Records supplied:
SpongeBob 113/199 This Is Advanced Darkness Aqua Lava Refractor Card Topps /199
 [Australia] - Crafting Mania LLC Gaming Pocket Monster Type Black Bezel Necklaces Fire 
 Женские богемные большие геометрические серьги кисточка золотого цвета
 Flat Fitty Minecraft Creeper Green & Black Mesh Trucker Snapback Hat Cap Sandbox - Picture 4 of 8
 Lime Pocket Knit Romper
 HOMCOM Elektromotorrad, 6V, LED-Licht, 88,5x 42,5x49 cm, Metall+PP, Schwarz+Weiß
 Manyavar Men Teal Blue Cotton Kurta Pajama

Exercise aim:
List the lines of the material in which the word "Pocket" occurs.

Output of the task:
 [Australia] - Crafting Mania LLC Gaming Pocket Monster Type Black Bezel Necklaces Fire 
 Lime Pocket Knit Romper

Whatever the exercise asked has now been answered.